I know that’s hard, because I’ve heard you. In my conversations with clients, I frequently hear some version of:
- “Where do we start?”
- “What’s everyone else doing?”
- “We’ve tried this and failed before.”
- “I get dirty looks if I even say the word analytics.”
Yikes. Each of these are objections, even if they don’t necessarily sound like it. And objections like these squash too many programs — or tether programs that might otherwise flourish to small projects that don’t result in behavioral change.
So I’m here to remind you (in accordance with those current “I don’t know who needs to hear this” memes) of the following:
I don’t know who needs to hear this, but analytics initiatives don’t usually come with a magician’s reveal — they come instead with hypotheses and insights.
So please, give yourself permission (and seek explicit permission) to:
- Stop thinking that everyone has this figured out. The grass is always greener, right? But there’s really no map — no road, well, more traveled. It’s not likely that your competitors have figured this all out. Fewer than one in 10 firms are advanced with insights. (Hat tip to James McCormick.)
- Call “them” out for grading you. Who’s “them”? I don’t know, but you do. There are likely naysayers at your organization who are behaving as if analytics teams need to prove their value rather than act as collaborators. Reject the idea of being graded. Focus on allies, and encourage everyone to understand that you’re all in this together.
- Focus on a small number of defined, articulated, meaningful milestones.

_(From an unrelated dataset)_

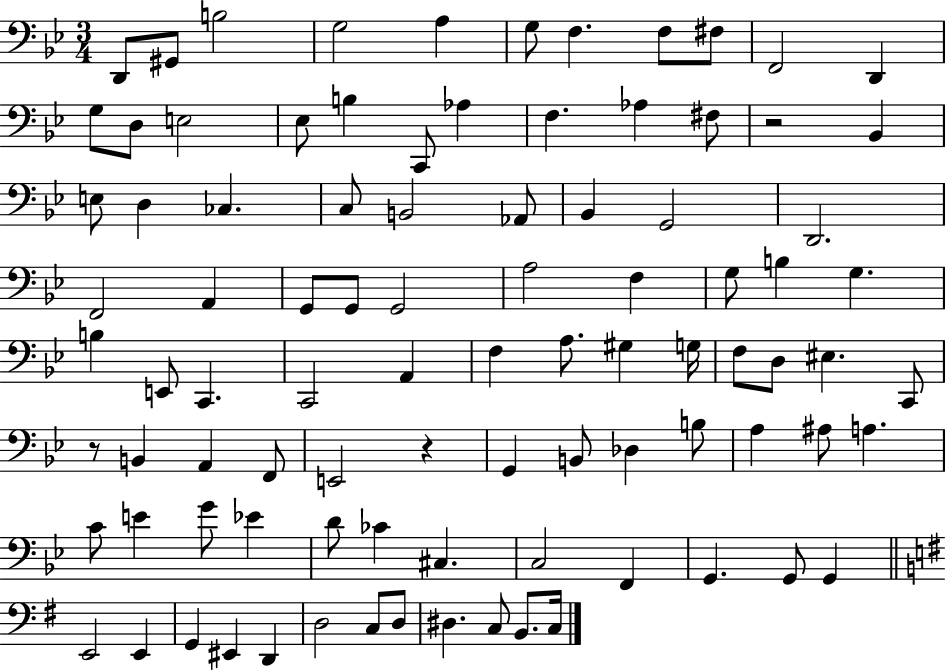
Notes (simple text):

D2/e G#2/e B3/h G3/h A3/q G3/e F3/q. F3/e F#3/e F2/h D2/q G3/e D3/e E3/h Eb3/e B3/q C2/e Ab3/q F3/q. Ab3/q F#3/e R/h Bb2/q E3/e D3/q CES3/q. C3/e B2/h Ab2/e Bb2/q G2/h D2/h. F2/h A2/q G2/e G2/e G2/h A3/h F3/q G3/e B3/q G3/q. B3/q E2/e C2/q. C2/h A2/q F3/q A3/e. G#3/q G3/s F3/e D3/e EIS3/q. C2/e R/e B2/q A2/q F2/e E2/h R/q G2/q B2/e Db3/q B3/e A3/q A#3/e A3/q. C4/e E4/q G4/e Eb4/q D4/e CES4/q C#3/q. C3/h F2/q G2/q. G2/e G2/q E2/h E2/q G2/q EIS2/q D2/q D3/h C3/e D3/e D#3/q. C3/e B2/e. C3/s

You don’t need a grand vision, but you do need a plan. The plan needs to address specific gaps in insights that stall decision making at your organization or lead to bad ones. Find a problem to fix. Wrap some scope around it. Identify and share the dependencies. Fail, and capture what you learned — or succeed. Either way, do it with a story. (Hat tip to Cinny Little.)
Perfection isn’t the goal out of the gate, nor is the expectation of the magician’s reveal fair to you. Stay your course.